Defining ROH in a complex pedigree can be a way to examine homozygosity levels across the genome that has resulted by inbreeding and selection [136]. In this study, we observed ROH regions across the buffalo genome on chromosomes 1, 3, 5, 10, 16 and Y, with varied lengths. Chromosome 10 showed the longest ROH indicating functional significance of several important milk yield associated loci. Similar results were reported in several cattle breeds: shorter ROH results from the crosses with distant haplotype relatedness, and recombination has had more time to trim down ROH that is the target of selection sweeps, whereas greater ROH length is mostly caused by recent inbreeding [137, 138]. We identified two significant SNPs (S5_76106561; S10_104237148) in ROH that were negatively associated with the milk yield trait, so those could be deleterious alleles and fixed in the population. Three other body weight associated SNPs (S10_104303781; S10_104392764; S25_110079376) are in the ROH region, S10_104303781 was negatively associated with the weight. Longer ROH had stronger linear relationship with the number of individuals that carry deleterious homozygous mutations reducing the biological fitness [51]. For example, a large number of genomic regions that contain long ROH manifested unfavorable associations because of deleterious mutations with milk yield in Holstein cattle [139].

Conclusion

Our study demonstrates the utility of the GBS approach for genetic analysis of complex dairy traits and for understanding the population structure of Pakistani Nili-Ravi buffalos. Our SNP analysis revealed that Nili-Ravi bulls are admixed with two lineages. Our GWAS for milk yield and body weight identified SNPs located in candidate genes previously identified in other dairy breeds. Results of this study suggested that male effects contribute strong genetic effects for milk yield. In future, favorable allele combinations from this study could be used to generate Nili-Ravi breeding bulls with high milk yield and body weight by selecting the bull with higher genetic merit is tantamount that will produce a daughter, who in-turn produces the greatest net revenue for dairy industry in terms of improved or superior commercial traits. Performance of their daughters will later be used to update these measures. Since these dairy bull data were publicly available, individual bull efficiency results can be disseminated to potential semen buyers.

Supporting information

S1 Fig. Clustering assignments of Pakistani Nili-Ravi bulls based on ADMIXTURE analysis for inferred K = 2.

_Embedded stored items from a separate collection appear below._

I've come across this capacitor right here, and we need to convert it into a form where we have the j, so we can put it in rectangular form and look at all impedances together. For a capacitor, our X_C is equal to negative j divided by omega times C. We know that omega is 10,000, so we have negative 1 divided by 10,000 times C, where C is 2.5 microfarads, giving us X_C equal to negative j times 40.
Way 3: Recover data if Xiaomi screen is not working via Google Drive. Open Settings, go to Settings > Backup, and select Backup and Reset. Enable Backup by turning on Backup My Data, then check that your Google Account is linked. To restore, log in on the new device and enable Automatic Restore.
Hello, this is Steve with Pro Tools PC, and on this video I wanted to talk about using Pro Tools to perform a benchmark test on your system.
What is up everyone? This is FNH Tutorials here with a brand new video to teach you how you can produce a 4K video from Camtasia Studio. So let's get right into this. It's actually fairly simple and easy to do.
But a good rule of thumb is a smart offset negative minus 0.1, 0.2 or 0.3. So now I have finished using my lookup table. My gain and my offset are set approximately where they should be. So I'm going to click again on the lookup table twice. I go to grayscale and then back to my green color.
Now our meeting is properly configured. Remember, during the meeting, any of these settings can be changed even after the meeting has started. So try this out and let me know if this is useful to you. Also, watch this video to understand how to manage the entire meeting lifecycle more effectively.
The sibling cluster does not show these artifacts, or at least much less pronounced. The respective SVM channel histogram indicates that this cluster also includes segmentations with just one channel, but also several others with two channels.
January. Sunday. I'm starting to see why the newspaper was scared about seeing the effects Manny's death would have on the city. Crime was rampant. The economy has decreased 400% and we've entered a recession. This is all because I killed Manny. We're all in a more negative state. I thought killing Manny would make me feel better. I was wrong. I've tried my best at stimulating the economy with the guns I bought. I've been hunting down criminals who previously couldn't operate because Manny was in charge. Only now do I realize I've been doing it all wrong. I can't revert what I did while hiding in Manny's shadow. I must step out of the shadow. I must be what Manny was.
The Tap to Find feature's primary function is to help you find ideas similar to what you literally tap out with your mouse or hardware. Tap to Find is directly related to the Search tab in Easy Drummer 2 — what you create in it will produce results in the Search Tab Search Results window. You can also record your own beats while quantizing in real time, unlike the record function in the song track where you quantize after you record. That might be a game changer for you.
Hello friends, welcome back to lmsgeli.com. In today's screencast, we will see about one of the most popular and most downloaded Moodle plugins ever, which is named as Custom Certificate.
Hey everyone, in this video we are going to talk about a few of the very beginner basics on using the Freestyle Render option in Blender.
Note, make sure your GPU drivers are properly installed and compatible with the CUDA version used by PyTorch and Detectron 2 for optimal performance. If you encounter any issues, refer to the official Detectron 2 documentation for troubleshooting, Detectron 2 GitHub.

Each individual is represented by a single vertical line divided into K colored segments, where K is the number of ancestral populations.

(TIF)

S2 Fig. Delta K analysis by using STRUCTURE Harvester to identify significant clusters (K) for Pakistani Nili-Ravi buffalo bulls.

(TIF)

S1 Table. Phenotypic data of Nili-Ravi bulls for milk yield and body weight traits.

(XLSX)

S2 Table. Delta K analysis by using STRUCTURE Harvester to identify significant clusters (K) for Pakistani Nili-Ravi buffalo bulls.

(XLSX)

S3 Table. Distribution of runs of homozygosity (ROH) across Nili-Ravi buffalo chromosomes.

(XLSX)

S4 Table. Pairwise Fixation index (F_ST) values for individual SNPs across chromosomes of Nili-Ravi genome.

(XLSX)

Data Availability

The raw Illumina reads generated and/or analyzed during the current study are available in the Sequence Read Archive repository (NCBI-SRA) under the following accession number PRJNA604217.

Funding Statement

This research was funded by the Punjab Agricultural Research Board, Lahore [Project No-492], and Higher Education Commission Pakistan.